Outdoor customers want to know that you know what you’re talking about, and they can be unforgiving if you don’t. You’re not just talking about an object they bought — you’re talking about their passion, and they need to know you’re taking it seriously.
Write compelling stories, as much as you can. When Columbia Sportswear wanted to show off its new Omni-Shade line of sun-protectant gear, they didn’t just talk about materials and technology and call it a day.
Instead, they gave a bunch of Omni-Shade clothes to a pair of accomplished distance hikers and set them out on the 80-mile White Rim trail through the middle of the Utah desert. In July. Not only is the video entertaining, beautiful, and engaging, but it shows the clothes in the context they’ll really be used. If they can survive that trip, they can survive anything.

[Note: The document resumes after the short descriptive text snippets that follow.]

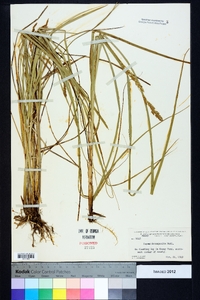 Carex decomposita image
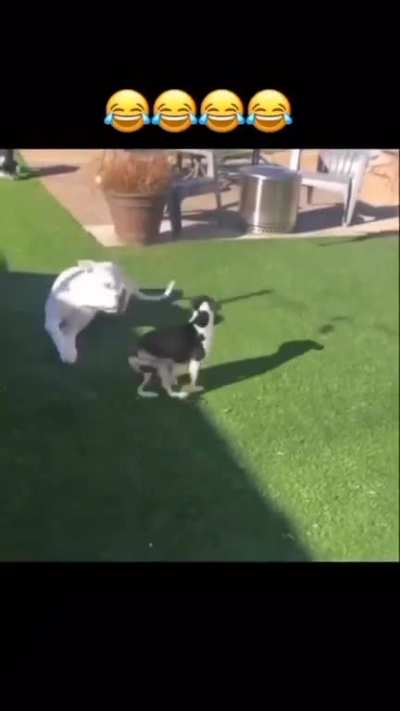 This Dog watched too much Mortal Kombat
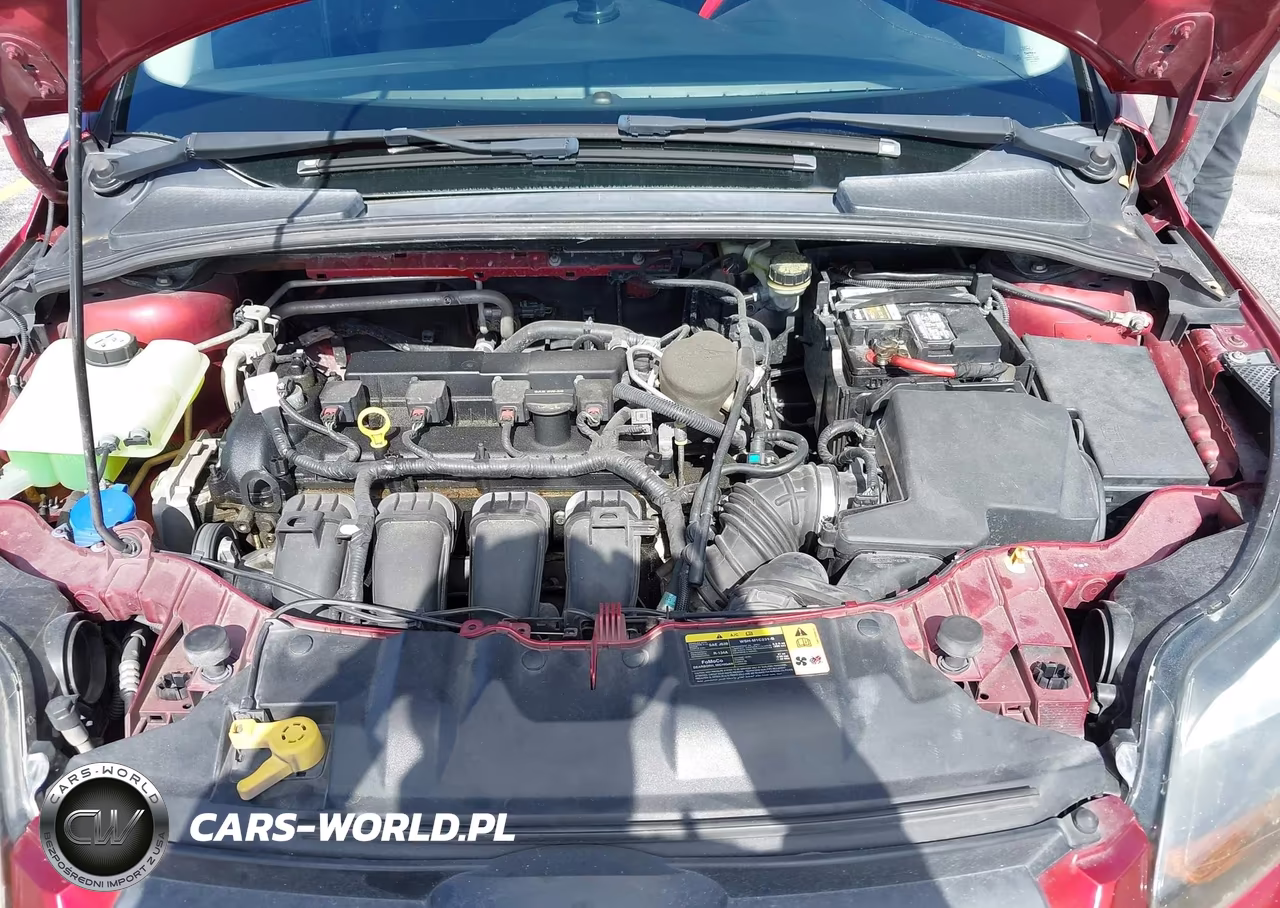 2013 Ford Focus Se VIN:1FADP3F21DL358743 - 10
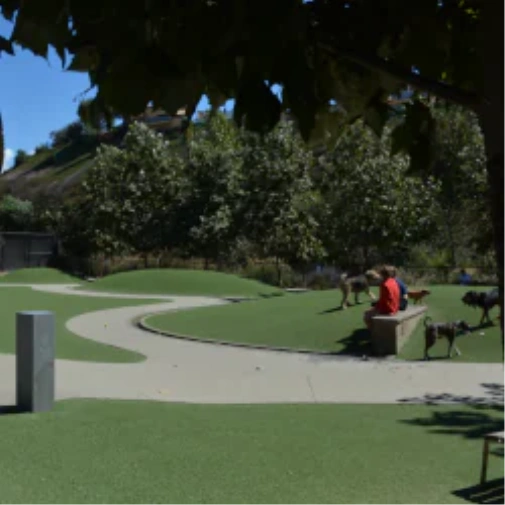 What to Review Before You Spec a Dog Park Surface in Detroit and all of Michigan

Write about trends in the industry you live in. Are 1×12 drivetrains coming to road bikes? Is the cost of Dyneema backpacks worth the weight savings? Are auto-ranging bow sights taking the skill out of the sport?
These are the kind of things your customers care about, and they want to be informed on how their world is changing. Better yet, talking about new and potentially controversial trends is a great way to get conversation — and engagement — going.
Show your customers that you relate to their challenges and goals. Use tools like Google Analytics to find out what people in your industry are concerned about, or what they strive to accomplish.
Find people who have recently accomplished those things and use their stories as inspiration! And of course, congratulate your followers on social media when they do something awesome.
A Picture Is Worth A Thousand Words…
…And a video is worth a million. If your product is something intangible like software, there are only so many photos of happy people with laptops you can really use. But if you’re in the outdoor industry, there’s no such thing as too many photos.
User-generated content (UGC) is especially powerful, showing that the people who buy your stuff are actually out there using it, creating a community that potential customers want to be a part of.
Putting the Social in Social Media
Customers of outdoor brands are hyper-focused on being a part of a community. There’s a sense of kinship from meeting a fellow mountain biker or rock climber that isn’t universal to all brands.
If you want your customers to respect you as part of that community, you’ll have to live the part. That means building a brand persona that has a distinct voice and tone. It also means pushing boundaries and taking some risks, even if that feels like you’re excluding people.
Take Backcountry.com, for example. In 2013, they re-launched their brand, topped off by a video, This Is Backcountry. The video is visceral, emotional, and connects with people in a way that a blog post or a mission statement never will.
It’s also aspirational — most of Backcountry’s customers will never do the things in the video, but they’d like to think they could, someday. Backcountry knows that some of their customers will buy a $600 rain jacket and wear it to their kids’ Little League game, but that’s not the club they’re trying to be a part of.
Influencers and ambassadors are another great way to build street cred through social media. Just as the Columbia video showcased the product in a real world environment, ambassadors can put your stuff through the wringer in an authentic, convincing way.
Keeping it Real
The bottom line, when marketing to the outdoor industry, is authenticity. Outdoor enthusiasts aren’t just buying a product. They’re representing a lifestyle and a community, and they need to know that you care about that community as much as they do.